A Video Art Piece
I went on a walk to Pebble Beach in Brooklyn and recorded waves crashing against the shore. The raw footage captured the natural rhythm and movement of water, including its constant motion, its patterns, and its unpredictability. Alongside the waves, I also captured general NYC cityscape footage, creating visual material that represented both natural and urban environments, drawing a contrast between the abstract and the representational.
All the editing was done in real time using Signal Culture applications. I worked through multiple passes with different tools. First, I did a run through with Signal Culture's Video Mixer, then another pass with the Frame Buffer, and finally a run through with Re:Trace. Each layer added new dimensions to the footage, transforming the raw recordings into something abstract and hypnotic. The real-time nature of the process meant every decision was immediate and intuitive, with no room for traditional post-production refinement.
After completing the video processing, I composed music in real time as I watched back the edited video. Working in Logic Pro while playing on my keyboard, I improvised chords and melodies that responded directly to the visual rhythm on screen. The music was composed entirely in the moment, reacting to the ebb and flow of the processed footage. This approach created an organic connection between sound and image, where neither dominated but instead worked in harmony.

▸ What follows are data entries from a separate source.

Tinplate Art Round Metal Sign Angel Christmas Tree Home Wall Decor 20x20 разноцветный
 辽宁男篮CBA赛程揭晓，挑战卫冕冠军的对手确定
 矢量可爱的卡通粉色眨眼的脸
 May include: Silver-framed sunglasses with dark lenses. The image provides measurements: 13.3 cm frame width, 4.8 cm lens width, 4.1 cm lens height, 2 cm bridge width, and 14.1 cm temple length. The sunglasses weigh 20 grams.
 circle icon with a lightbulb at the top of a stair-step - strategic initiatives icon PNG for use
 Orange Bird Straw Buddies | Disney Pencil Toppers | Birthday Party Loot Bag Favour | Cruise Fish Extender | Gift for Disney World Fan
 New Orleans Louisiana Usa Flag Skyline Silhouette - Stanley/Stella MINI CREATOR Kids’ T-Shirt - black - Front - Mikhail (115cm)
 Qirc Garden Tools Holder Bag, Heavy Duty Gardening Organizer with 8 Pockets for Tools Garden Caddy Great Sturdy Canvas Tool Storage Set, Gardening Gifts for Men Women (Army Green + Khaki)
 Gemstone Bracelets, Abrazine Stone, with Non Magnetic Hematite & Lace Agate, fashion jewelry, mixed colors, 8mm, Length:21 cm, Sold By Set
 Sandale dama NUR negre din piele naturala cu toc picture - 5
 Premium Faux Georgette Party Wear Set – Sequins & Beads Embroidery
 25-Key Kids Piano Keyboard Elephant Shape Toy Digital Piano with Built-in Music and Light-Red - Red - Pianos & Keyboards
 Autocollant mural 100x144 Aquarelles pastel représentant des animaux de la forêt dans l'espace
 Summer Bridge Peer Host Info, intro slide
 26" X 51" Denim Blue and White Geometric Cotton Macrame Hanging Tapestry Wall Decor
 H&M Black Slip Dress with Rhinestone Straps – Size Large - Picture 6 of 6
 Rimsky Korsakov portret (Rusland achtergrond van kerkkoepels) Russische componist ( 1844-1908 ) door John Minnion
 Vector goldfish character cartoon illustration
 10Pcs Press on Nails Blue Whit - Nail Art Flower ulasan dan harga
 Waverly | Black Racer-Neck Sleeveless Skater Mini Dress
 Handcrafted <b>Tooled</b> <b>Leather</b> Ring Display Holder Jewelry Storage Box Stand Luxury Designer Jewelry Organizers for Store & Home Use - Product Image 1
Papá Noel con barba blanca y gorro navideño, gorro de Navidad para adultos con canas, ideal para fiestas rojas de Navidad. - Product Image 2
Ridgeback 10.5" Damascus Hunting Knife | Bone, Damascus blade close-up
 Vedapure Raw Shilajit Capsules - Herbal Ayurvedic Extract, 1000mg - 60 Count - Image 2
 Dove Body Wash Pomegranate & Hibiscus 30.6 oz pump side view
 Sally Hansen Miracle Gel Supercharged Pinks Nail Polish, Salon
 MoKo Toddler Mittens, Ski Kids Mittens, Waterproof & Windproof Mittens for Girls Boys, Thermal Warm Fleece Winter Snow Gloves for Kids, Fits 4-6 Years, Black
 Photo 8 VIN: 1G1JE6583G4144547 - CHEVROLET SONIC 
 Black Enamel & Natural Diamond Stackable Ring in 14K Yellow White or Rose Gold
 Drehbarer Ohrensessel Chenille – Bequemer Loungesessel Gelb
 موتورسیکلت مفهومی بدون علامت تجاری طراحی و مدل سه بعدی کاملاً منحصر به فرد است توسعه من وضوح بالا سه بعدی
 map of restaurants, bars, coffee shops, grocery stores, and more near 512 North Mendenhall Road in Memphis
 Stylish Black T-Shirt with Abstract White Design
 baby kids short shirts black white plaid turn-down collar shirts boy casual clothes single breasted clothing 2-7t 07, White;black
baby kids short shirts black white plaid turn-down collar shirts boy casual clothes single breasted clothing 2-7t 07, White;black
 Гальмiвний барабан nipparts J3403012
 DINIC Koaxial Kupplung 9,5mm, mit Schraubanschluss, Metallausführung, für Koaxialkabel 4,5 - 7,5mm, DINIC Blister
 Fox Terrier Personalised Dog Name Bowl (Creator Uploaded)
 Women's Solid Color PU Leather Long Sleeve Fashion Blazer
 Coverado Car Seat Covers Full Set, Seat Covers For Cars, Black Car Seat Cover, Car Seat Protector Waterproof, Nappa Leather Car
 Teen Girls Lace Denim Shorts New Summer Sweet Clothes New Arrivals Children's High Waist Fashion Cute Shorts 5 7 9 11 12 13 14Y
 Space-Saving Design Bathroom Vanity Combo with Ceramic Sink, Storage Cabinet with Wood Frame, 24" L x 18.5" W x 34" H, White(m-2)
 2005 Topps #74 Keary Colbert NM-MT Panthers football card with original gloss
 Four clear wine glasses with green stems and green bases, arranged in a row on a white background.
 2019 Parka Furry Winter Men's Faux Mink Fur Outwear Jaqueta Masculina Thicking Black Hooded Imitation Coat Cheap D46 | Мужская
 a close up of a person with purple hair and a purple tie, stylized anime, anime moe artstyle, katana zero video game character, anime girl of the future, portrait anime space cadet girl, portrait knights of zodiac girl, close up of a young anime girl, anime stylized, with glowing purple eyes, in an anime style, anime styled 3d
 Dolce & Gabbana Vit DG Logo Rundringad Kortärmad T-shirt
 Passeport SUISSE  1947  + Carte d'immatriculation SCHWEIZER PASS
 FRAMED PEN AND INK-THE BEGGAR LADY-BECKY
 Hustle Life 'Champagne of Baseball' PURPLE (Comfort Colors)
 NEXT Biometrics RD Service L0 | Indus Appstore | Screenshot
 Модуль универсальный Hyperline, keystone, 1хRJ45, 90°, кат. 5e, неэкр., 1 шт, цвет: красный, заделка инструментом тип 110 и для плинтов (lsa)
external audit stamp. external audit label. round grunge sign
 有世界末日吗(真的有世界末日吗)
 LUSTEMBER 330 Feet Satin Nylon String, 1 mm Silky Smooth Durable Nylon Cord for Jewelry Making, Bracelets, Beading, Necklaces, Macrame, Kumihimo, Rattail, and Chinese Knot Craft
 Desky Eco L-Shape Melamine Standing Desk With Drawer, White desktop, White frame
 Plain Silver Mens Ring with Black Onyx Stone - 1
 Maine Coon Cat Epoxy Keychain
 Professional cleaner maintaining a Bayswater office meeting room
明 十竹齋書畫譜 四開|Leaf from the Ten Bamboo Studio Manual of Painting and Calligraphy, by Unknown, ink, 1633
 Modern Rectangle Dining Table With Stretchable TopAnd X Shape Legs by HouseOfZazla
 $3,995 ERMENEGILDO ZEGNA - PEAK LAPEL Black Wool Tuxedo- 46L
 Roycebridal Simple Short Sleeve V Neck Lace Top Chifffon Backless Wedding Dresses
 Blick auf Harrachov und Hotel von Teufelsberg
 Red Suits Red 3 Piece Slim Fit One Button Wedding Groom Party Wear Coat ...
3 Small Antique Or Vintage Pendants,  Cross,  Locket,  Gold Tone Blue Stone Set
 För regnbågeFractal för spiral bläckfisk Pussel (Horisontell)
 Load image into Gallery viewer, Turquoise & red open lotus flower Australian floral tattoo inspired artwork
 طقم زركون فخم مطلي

This was a highly enlightening experience because it was my first attempt doing something non-narrative. Working entirely in real time pushed me out of my comfort zone, because there was no safety net of post-production and no ability to revise and perfect. Every decision had to be made in the moment, trusting intuition over calculation. I think it came out quite nicely, but of course, it's not necessarily story-based, which I still do not know how I feel about. Coming from a narrative background, the absence of traditional structure was both liberating and unsettling. WAVES represents my first steps into experimental video art and real-time audiovisual composition. It's ultimately a big departure from my usual work but it opened up new ways of thinking about moving images and sound.